PROVIDED MATERIAL below:
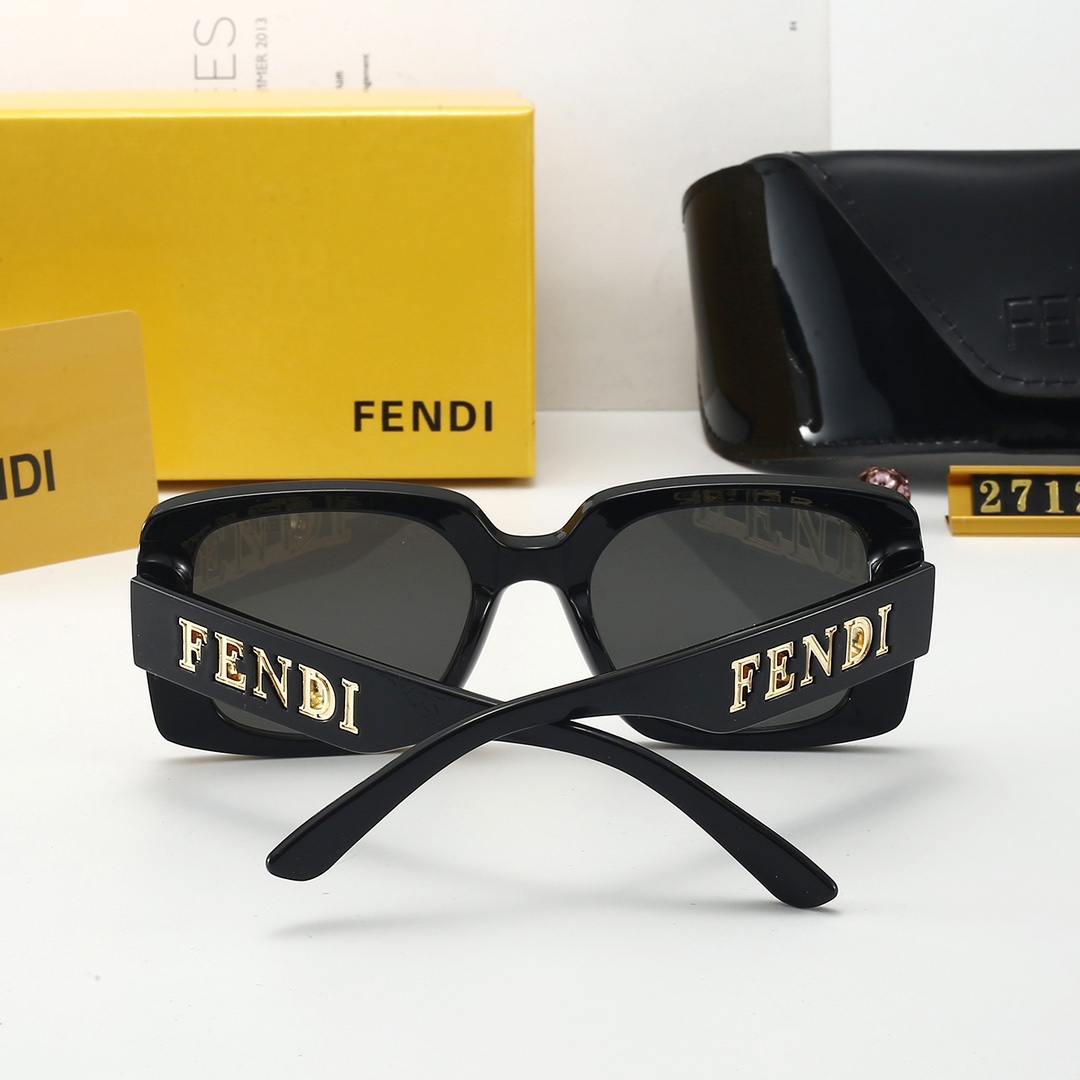 22$ dh FENDI 27127 Sunglassess With Box 80956412525 FF1171 gallery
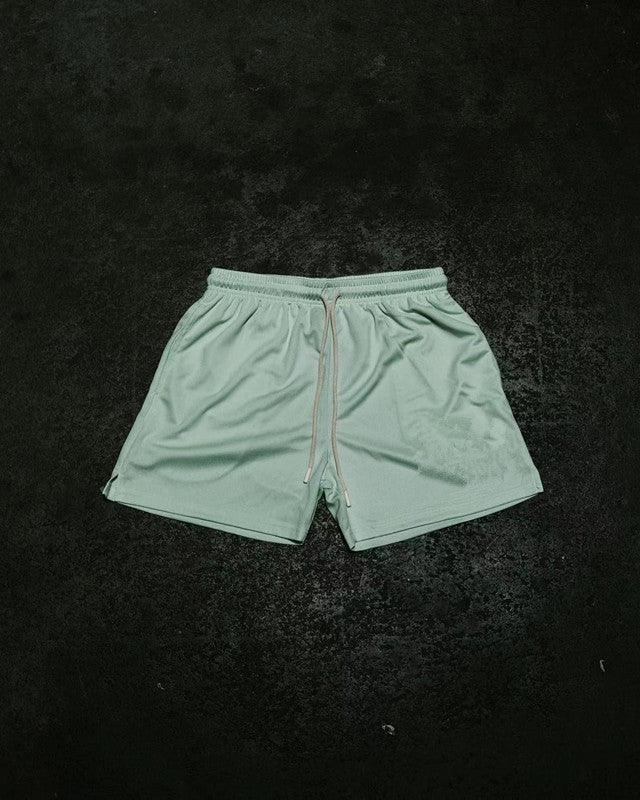 Summer American Sports And Fitness Shorts Men - Fashion - Your-Look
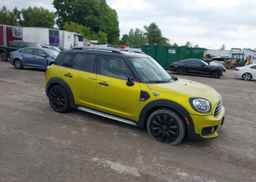 2017 MINI COUNTRYMAN COOPER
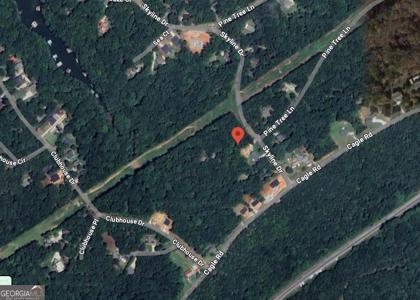 3823 Skyline Drive, Gainesville GA 30501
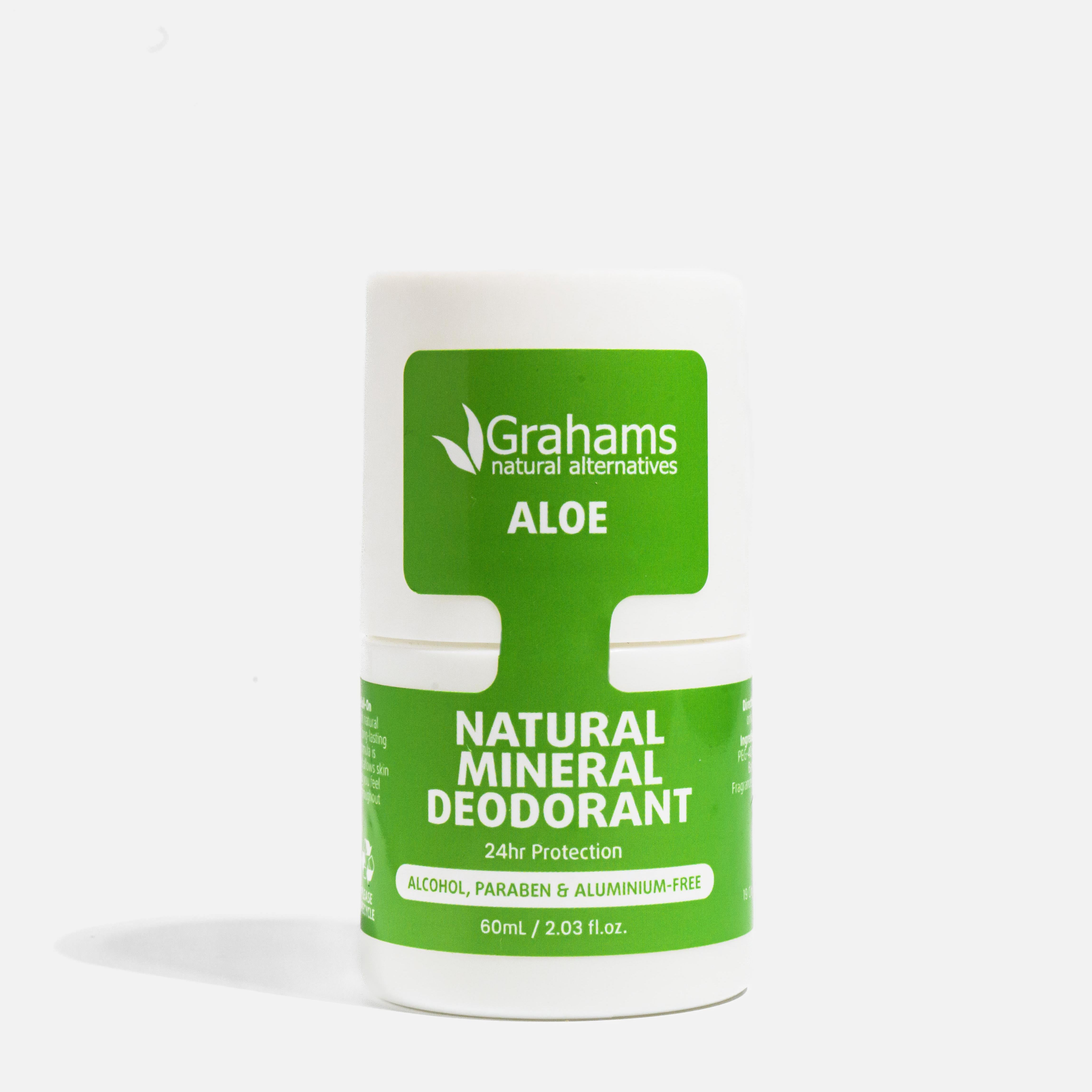 Natural Deodorant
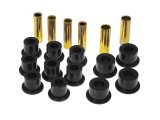 Prothane 86.5-97 Nissan Hardbody 4wd Spring & Shackle Bushings - Black thumbnail 2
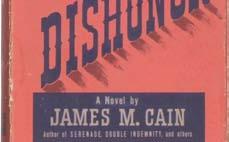 of crime fiction. However, Cain's own opinion was: "I belong to no school, hard-boiled or otherwise".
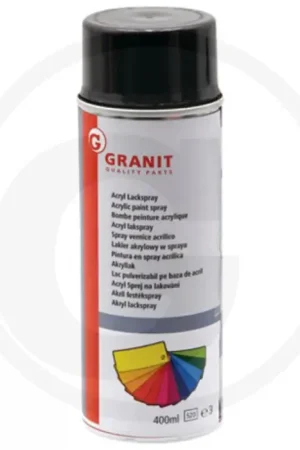 Aanbieding Verf Claas groen (400 ml spuitbus)
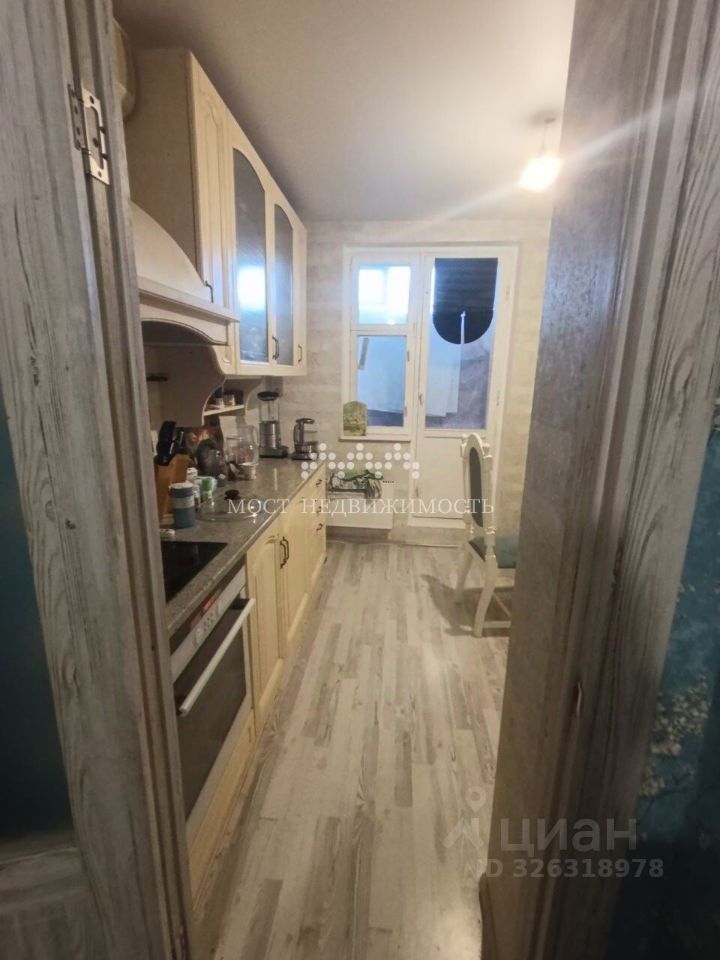 Продажа 3-комн квартиры на вторичном рынке Митинская улица, 17К2
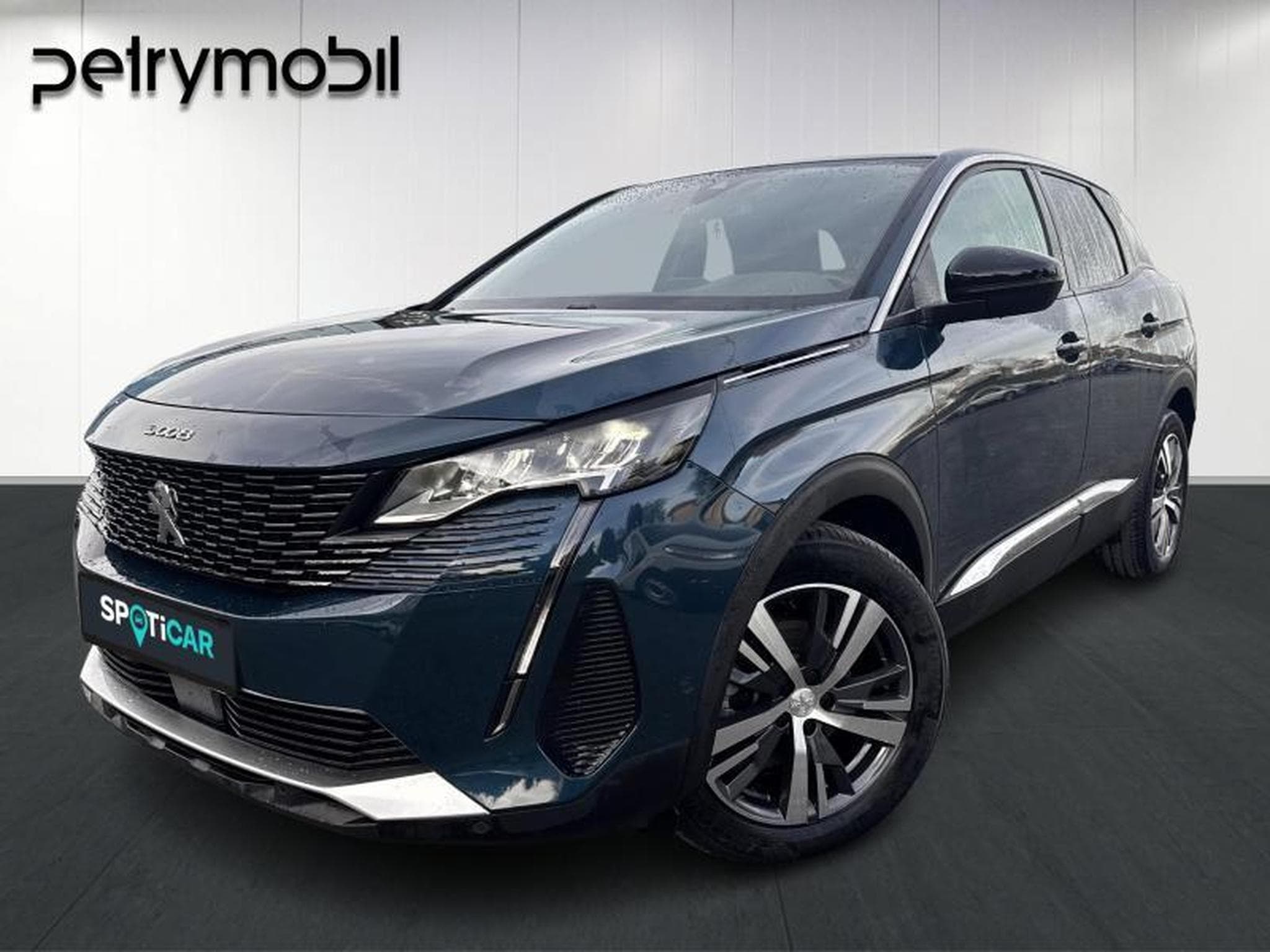 Peugeot 3008 Allure Pack (2022) - Photo 1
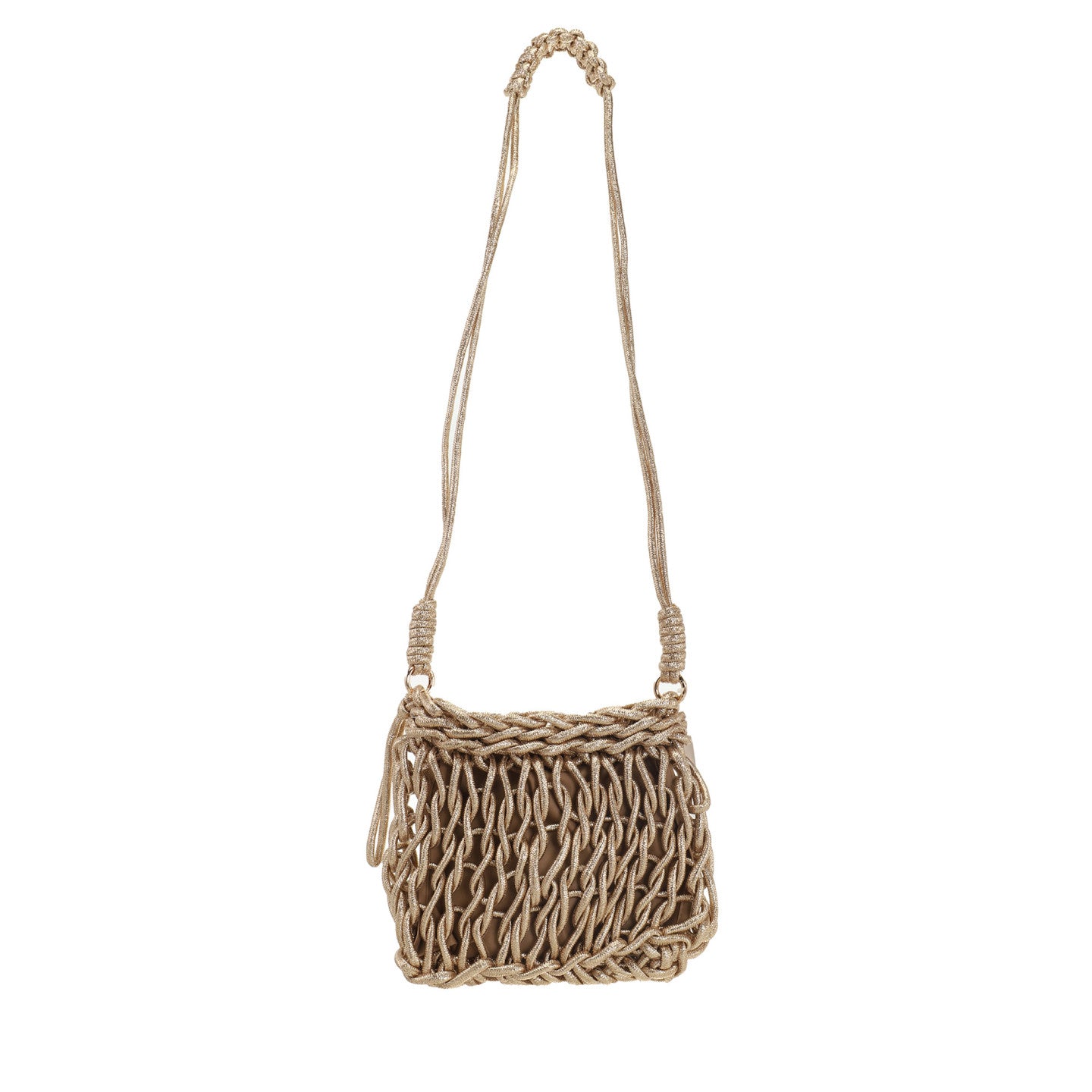 Bolso Bandolera de Paja | Estilo Casual - image 2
End of PROVIDED MATERIAL.
Output exactly, and with no pictures, the lines from the line that holds "Aanbieding Verf Claas" through the last line of the listing above.

SOLUTION TO THIS TASK:
 Aanbieding Verf Claas groen (400 ml spuitbus)
 Продажа 3-комн квартиры на вторичном рынке Митинская улица, 17К2
 Peugeot 3008 Allure Pack (2022) - Photo 1
 Bolso Bandolera de Paja | Estilo Casual - image 2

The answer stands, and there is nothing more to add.